Consider some of these common types of listening behavior in business.

“Noise in the Attic” Listening. Like many people, some of us think that being a good listener is merely sitting silently while others talk. Outwardly, we appear to be listening. Inwardly, however, our mind is elsewhere or we are making judgments about earlier comments.We end up preoccupied with our own internalizations.

“Face Value” Listening. Sometimes, we think we are hearing facts when actually the words we’re hearing are our interpretations of situations or figures. This explains why executives, managers and staff sometimes differ dramatically in what they think they hear. Interpretations are influenced by our experiences. The more experiences we have, the more we should be able to interpret what we hear from the speaker’s perspective. Unfortunately, many adults hear only what they want to hear.

“Position” Listening.We interpret the messages we hear by our position in the organization or concerns as a member of the organization. Employees, for instance, are constantly alert for clues to how their performance is being rated, reading their own interpretations into messages. A manager might listen to her president’s annual report to determine whether her division will be financed to grow further. What she hears in that talk could easily affect her performance during the year as well as her relationships with co-workers.

In business, executives need to focus on the interpersonal influencing process.
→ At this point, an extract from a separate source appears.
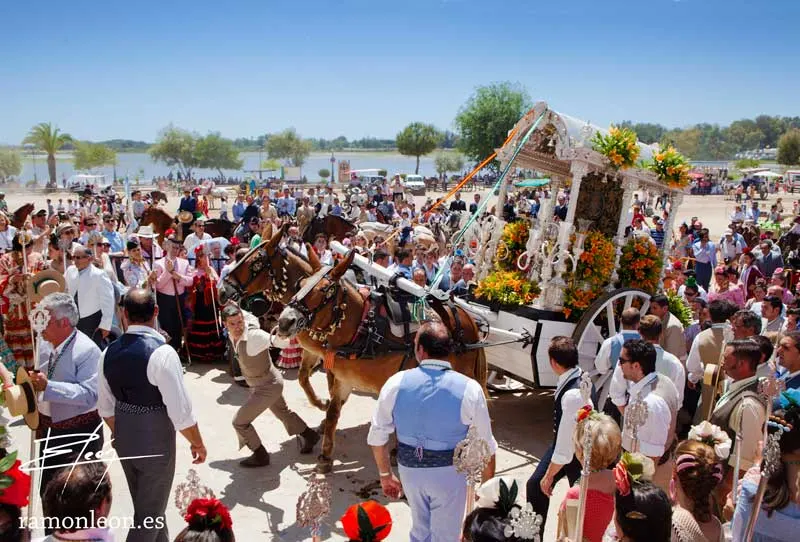 hermandad-bonares-rocio-virgen-ramon-leon-fotografia-andalucia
Precision Listening. This is the style of listening that can make us better executives. It accepts that listening is not an end in itself but a part of a chain of processes that ends in a decision, strategy or change in behavior or viewpoint. When driving to some place new, we think nothing of stopping at a gas station for a map so we can navigate in unfamiliar territory.We need the map to drive efficiently and with less chance of an accident. If we get lost, we need only refer back to the map to find our way. Listening can be approached the same way.

CREATING THE MAPS

Why we’re listening determines the type of information we listen for. Salespeople listen for customer concerns. Lawyers listen for the opposing speaker’s faulty logic. Freudian psychiatrists listen for unconscious motivations. Training has taught all of them not to listen at face value, and to use the time lag between their hearing and subsequent speaking to properly evaluate what is being said. At the same time, they don’t dismiss their emotional response to the speaker, their “feel” for the situation or their hunch of what might happen next.

A framework telling them how to influence a person’s thinking from Point A to Point B also guides these professionals.

In sales, the marketing rep wants to influence a customer from a point of no interest to a commitment to buy. The lawyer tries to influence the jury to his or her point of view. The psychiatrist works to influence the patient toward new insights about personal behavior, motivations or a view of the world.

THE EXECUTIVE AS PRECISION LISTENER

In business, executives need to focus on the interpersonal influencing process. Who is being influenced to move him from Point A to Point B and why? Where is this conversation going? To what ideas, beliefs and behaviors is this person most committed in his life? Which of these ideas, beliefs, attitudes and behaviors need to be influenced for the person to be more effective on the job?

What do I know about this individual that will help me better understand her and what is being said? Are her problems or concerns such that we can effect real changes, or are they out of reach in the business context?

The executive examines the way he or she answers the employee to see how these answers affect the listening process.Will the employee listen better if the answers are short and sweet (“yes” or “no”) or will listening improve if these statements contain more background information? What kind of information will be helpful?

In practicing precision listening, the executive listens carefully to the employee’s answers—to phrasing, context and words used to get clues to the real meanings behind the words.